Equity Financing – Selling Stock or Ownership

Investment financing is also widely understood although not always readily available. The advantages include not increasing your borrowing and not having a repayment schedule reducing your working capital. In the short-term, it may appear to be the least costly option since you do not incur interest expenses. However, investors and equity partners often demand healthy balance sheets and operational performance before providing funds. They may not understand your healthcare business and in seeking to exercise control they can limit your decision making and growth potential. Investors require significant ownership and profit participation, which becomes costly over the long run.
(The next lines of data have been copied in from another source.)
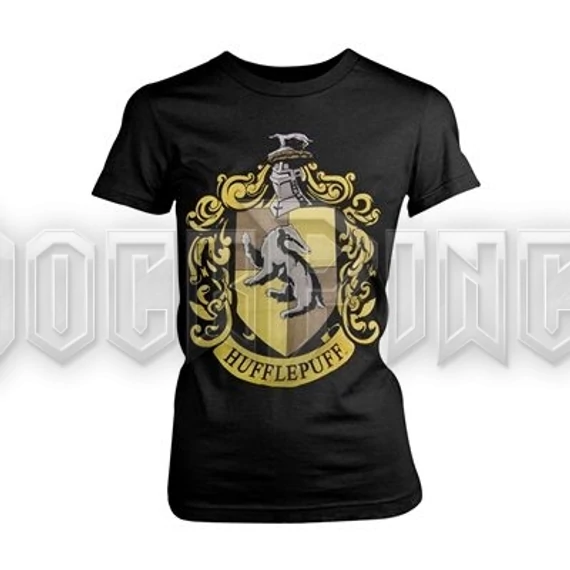 HARRY POTTER - HUFFLEPUFF - Női póló - PH9123G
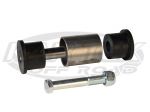 AutoFab Urethane Bushing Assembly 1-3/4" Outside Diameter, 3" Total Length, Includes 9/16" Bolt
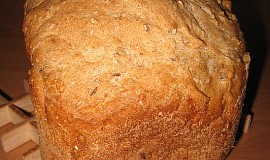 Grahamový kváskový chléb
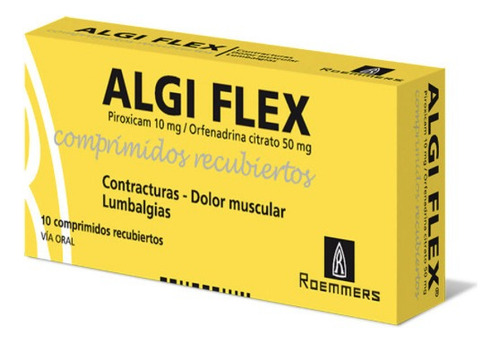 Algi Flex X 10 Comprimidos Recubiertos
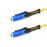 MDC-MDC UPC Duplex OS2 Single Mode PVC (OFNR) 2.0mm Fiber Optic Patch Cable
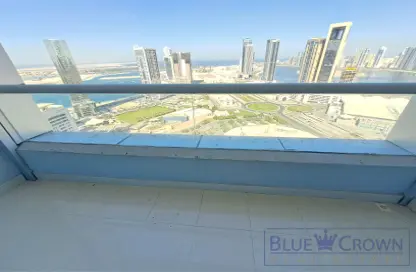 Apartment - 3 Bedrooms - 3 Bathrooms for rent in Saeed Al Alami Building - Al Taawun - Sharjah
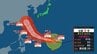 【 台風情報 】大型で猛烈な台風9号「バービー」　10日(金)～11日(土)頃に“非常に強い勢力”で沖縄地方に接近か　台風の進路と雨風シミュレーション【6日午後0時45分 気象庁発表】　|　新潟のニュース・天気｜BSN NEWS｜BSN新潟放送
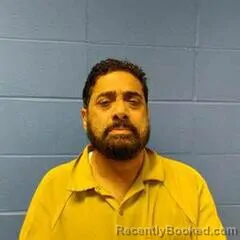 Mugshot of Babar Sagheer booked in Faulkner County, Arkansas on August 22, 2026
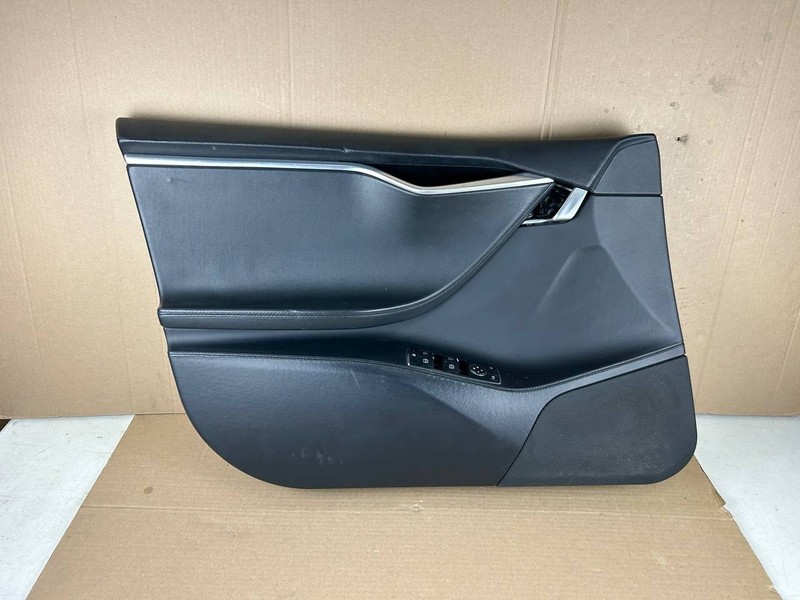✅12-20 Tesla Model S Front Left Interior Door Panel Trim Card Cover 1007949-00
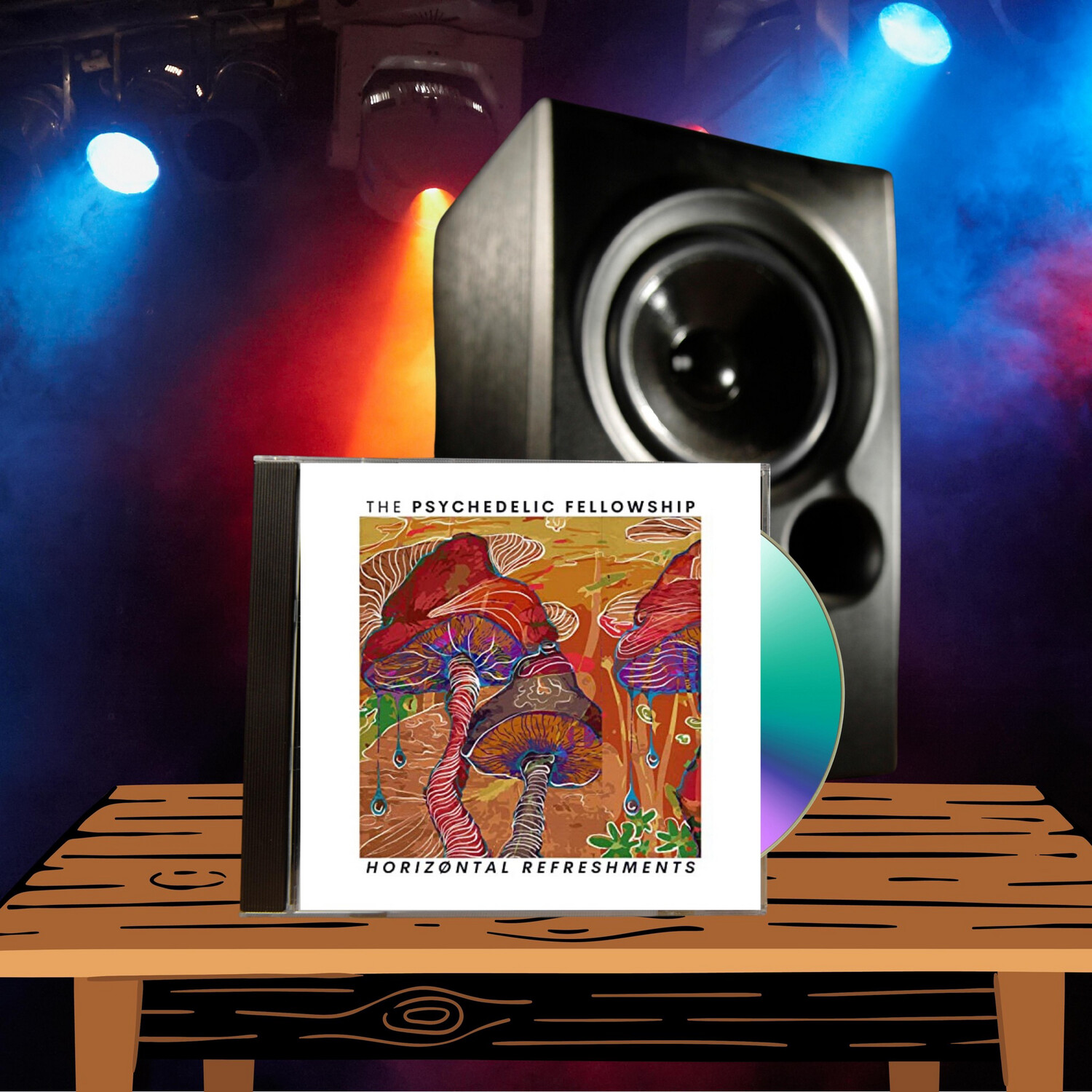 HORIZONTAL REFRESHMENTS - CD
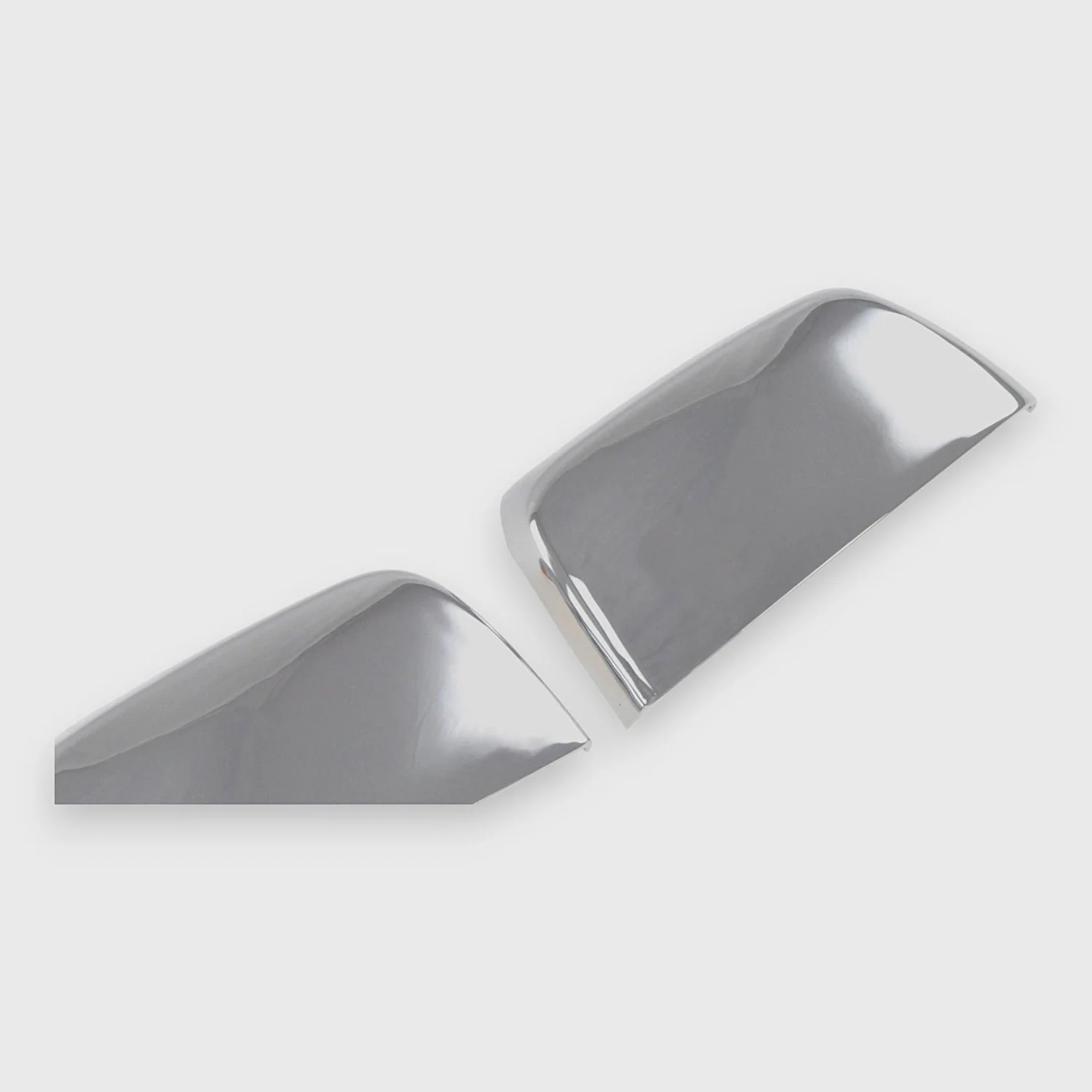 2015-2022 Chevrolet Colorado / GMC Canyon Mirror Cover Caps Chrome 2Pcs ABS Plastic - Image 2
Supporting Short Term and Long Term Growth and Expansion

A commitment to client satisfaction has made Xynergy Healthcare Capital an industry leader with the resources and expertise to support the growth of healthcare organizations. The funding process using “the Xynergy edge” uniquely allows  clients to customize a medical receivables finance program to meet their specific needs and work within their existing financial framework. Xynergy’s cash flow solution includes virtually unlimited funding resources, a flexible and debt-free funding program and Xynergy’s in-depth understanding and working knowledge of healthcare organizations. Xynergy has the experienced team to turn your organization into a success story.

Borrowing Money from Banks:

  • Adds debt to your balance sheet
  • Ties up other assets
  • Interest rates can vary since they are dependent on the credit market
  • Hidden fees
  • Personal guarantees often required
  • Lengthy application process, delaying the needed cash infusion
  • Credit limits and funding caps
  • Restrictive terms
  • Insufficient credit lines due to the often “under valued” valuation of assets, especially your A/R
  • A loan repayment schedule which reduces the cash available to use as working capital

Xynergy Healthcare Capital Program

  • Debt free working capital
  • Improved cash flow
  • Cash infusion within 24-48 hours of claim submission to Xynergy
  • Cost of funding does not vary with changing interest rates
  • Availability of funding grows with patient volume without re-applying for additional financing
  • Unrestricted use of funds to best meet your financial and business needs
  • Increased financial flexibility to use with other financial tools since your assets are not used as collateral for a loan
  • A healthier balance sheet which can reduce the costs of borrowing while maintaining debt capacity

Healthcare organizations can reduce their dependency on borrowing as their sole form of financing by utilizing Xynergy’s program. It can be customized to effectively work with your other financial tools to meet your fiscal requirements whether they are short term cash flow needs, long term capital programs, or if  you are in growth mode or fiscal stress. Since Xynergy’s program provides a predictable and steady cash stream not dependent on lagging reimbursements, your financial plans can be more effective in generating sufficient working capital that is less subject to the strains of fluctuating revenue cycles. Healthcare providers with the endorsement of their financial advisors, have found that by using our program  their medical receivables can be a productive asset rather than a cash flow obstacle to growth and profitability.